What this task involves
The stretch from the line with "Set of jars" through the line with "the illuminated laptop" in the records below: write it out exactly, and nothing else.

Provided records
***
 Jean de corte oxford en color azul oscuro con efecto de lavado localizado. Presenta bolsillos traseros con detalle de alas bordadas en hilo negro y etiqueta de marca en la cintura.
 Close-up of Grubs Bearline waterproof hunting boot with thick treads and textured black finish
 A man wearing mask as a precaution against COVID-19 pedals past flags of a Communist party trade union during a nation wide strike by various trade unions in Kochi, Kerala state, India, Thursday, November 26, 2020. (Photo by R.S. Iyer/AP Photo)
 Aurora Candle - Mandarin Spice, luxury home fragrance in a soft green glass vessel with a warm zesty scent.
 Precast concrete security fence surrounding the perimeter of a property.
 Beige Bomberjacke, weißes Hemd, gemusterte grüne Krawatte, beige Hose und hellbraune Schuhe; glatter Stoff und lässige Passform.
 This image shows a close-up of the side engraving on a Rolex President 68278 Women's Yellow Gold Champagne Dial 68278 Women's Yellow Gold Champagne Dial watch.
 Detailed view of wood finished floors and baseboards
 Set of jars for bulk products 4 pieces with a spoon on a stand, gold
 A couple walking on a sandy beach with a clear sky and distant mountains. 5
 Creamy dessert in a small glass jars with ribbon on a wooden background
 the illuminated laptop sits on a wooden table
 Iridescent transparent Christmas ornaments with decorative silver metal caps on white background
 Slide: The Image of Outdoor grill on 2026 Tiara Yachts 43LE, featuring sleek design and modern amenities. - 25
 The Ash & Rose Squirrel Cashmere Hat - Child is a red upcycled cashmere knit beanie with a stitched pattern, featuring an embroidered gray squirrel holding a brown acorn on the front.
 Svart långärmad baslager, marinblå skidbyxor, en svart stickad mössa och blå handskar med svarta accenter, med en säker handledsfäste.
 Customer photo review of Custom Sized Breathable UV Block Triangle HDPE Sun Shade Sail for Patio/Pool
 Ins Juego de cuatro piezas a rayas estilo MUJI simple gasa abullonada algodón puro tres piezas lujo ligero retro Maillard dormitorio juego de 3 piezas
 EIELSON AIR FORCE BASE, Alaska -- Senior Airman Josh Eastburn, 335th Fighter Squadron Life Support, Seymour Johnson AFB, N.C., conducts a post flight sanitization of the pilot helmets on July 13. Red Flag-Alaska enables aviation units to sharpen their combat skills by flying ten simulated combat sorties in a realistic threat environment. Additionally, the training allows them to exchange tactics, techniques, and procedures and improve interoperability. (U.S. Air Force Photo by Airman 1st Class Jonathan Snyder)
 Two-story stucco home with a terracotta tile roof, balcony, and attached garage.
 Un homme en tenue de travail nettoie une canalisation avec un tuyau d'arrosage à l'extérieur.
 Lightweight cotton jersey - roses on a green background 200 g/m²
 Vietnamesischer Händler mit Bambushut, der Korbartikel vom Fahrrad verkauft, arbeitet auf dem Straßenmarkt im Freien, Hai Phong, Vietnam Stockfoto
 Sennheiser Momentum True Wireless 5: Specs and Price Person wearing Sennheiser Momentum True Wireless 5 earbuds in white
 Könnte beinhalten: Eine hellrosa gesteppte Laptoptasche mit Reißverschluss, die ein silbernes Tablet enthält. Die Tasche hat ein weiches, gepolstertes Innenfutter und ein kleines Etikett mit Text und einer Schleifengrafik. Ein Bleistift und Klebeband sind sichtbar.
***
The completed task
 Set of jars for bulk products 4 pieces with a spoon on a stand, gold
 A couple walking on a sandy beach with a clear sky and distant mountains. 5
 Creamy dessert in a small glass jars with ribbon on a wooden background
 the illuminated laptop sits on a wooden table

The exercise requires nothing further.